|Ethics of Drug Testing|
Many believe drug testing is an unreasonable search, and that it forces people to incriminate themselves, a violation of the 4th and 5th amendments. Employers, like anyone, have been effected by the "Reefer Madness Movement". Drug testing is un-American because guilt is assumed until the test proves innocence. There are greater negative effects in drug testing than in drug use.

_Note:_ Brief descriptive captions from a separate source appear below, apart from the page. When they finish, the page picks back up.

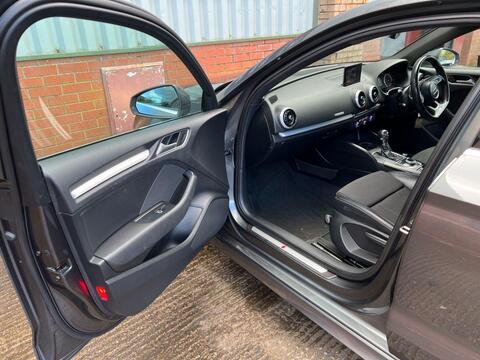 Audi A3 view 15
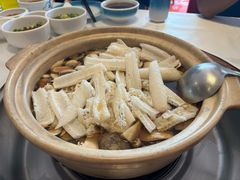 -天宜隆蘑菇宴火锅(石景山旗舰店)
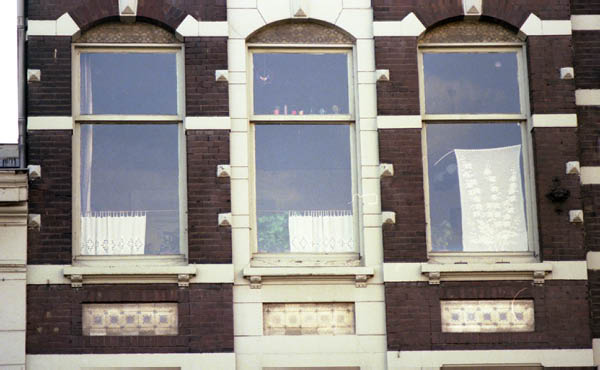 Schiekade 155 of in de buurt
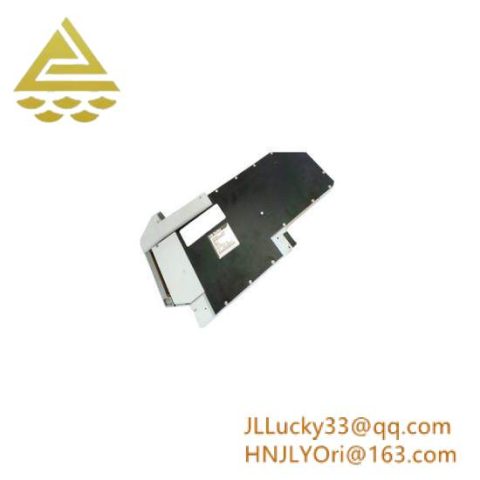 FOXBORO P0916KN - High-Performance Industrial Control Module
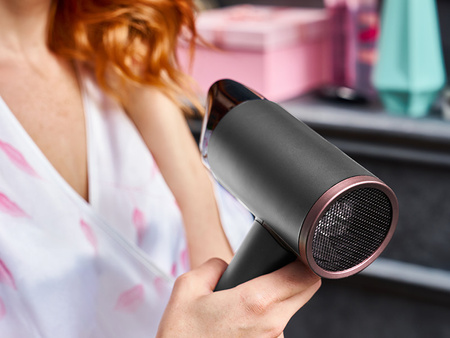 Suszarka do włosów Lafe LAFSUS47459 Sleek&Shine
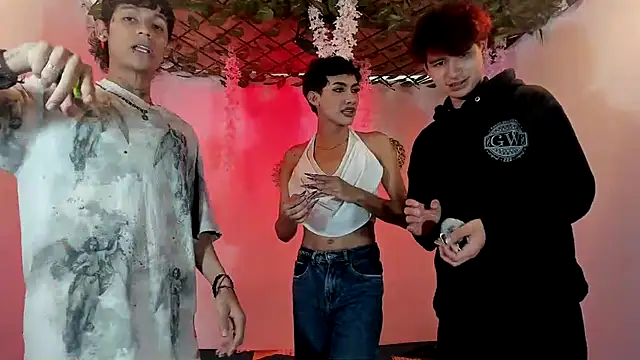 Bastian boyshot77 online show from 03/21/26, 09:40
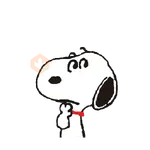 Snoopy 😍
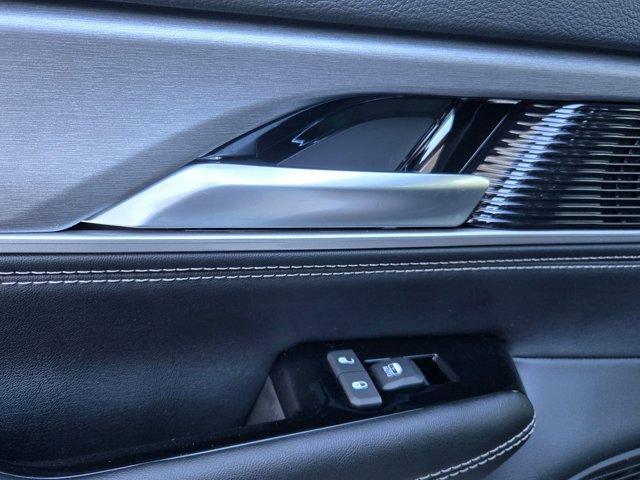 new 2025 Jeep Wagoneer car, priced at $72,165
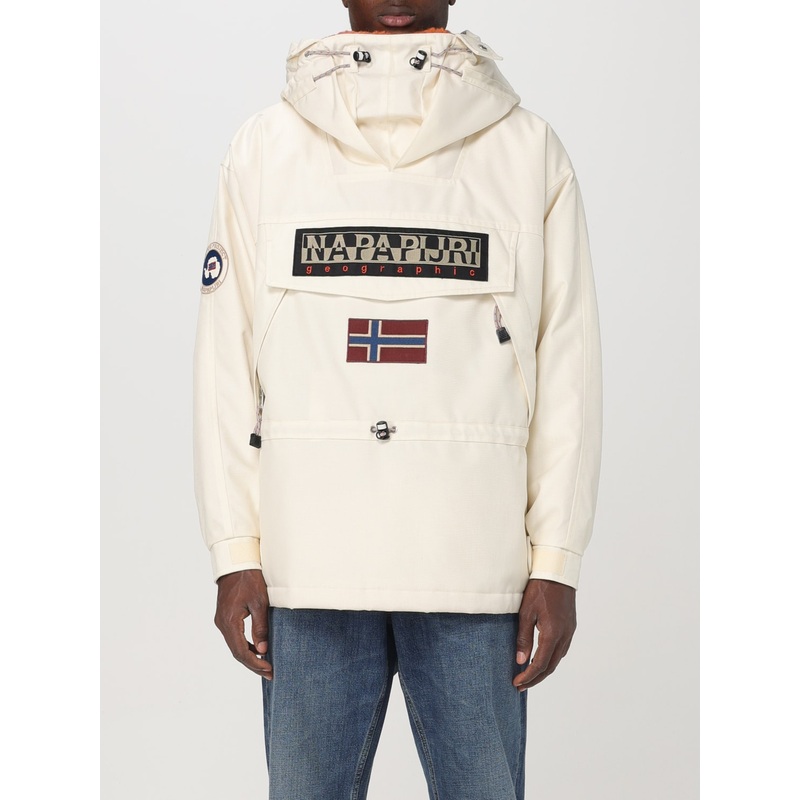 Jacket men Napapijri|XS | Notify me|size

The only effective way to select workers is to evaluate their performance on the job. Drugs can actually improve performance. Aspirin relieves pain, allowing a worker to continue. Marijuana (when consumed on the job) makes repetitive factory oriented work more interesting, which lengthens a workers attention span. Stimulants will keep workers productive at the end of long work days. If the negative effects of drug use begin to show in the worker's performance, their employer has a number of options for dealing with it. Phil Smith summarizes an article in March 1990 Scientific American suggesting that workers who tested positive for marijuana only:
1) cost less in health insurance benefits;
2) had a higher than average rate of promotion;
3) exhibited less absenteeism; and
4) were fired for cause less often
than workers who did not test positive. Since marijuana is the most common illicit drug used by adults, and the one detected in up to 90 percent of all "positive" drug tests (half of which are false), this fact has radical implications for current public and employer policies.
Now it's becoming popular for parents to drug test their children. Drug hysteria is breaking up families, cutting down lines of communication, and violating children's privacy. The U.S. Supreme court ruled June 1995 that public high schools can require drug test for all student athletes. Many high schools already do random searches on students; not for weapons, but for drugs.
It's also important to consider the discrimination factor. People with dark skin may fail the urine test due to the false positive melanin. Drugs are detected easier in dark haired people when the hair test is used.
We are sacrificing too many important rights by allowing drug testing to continue. Until this unjust drug testing frenzy is put to an end, children, workers, military service people, and parolees need to learn how to protect themselves from drug testing.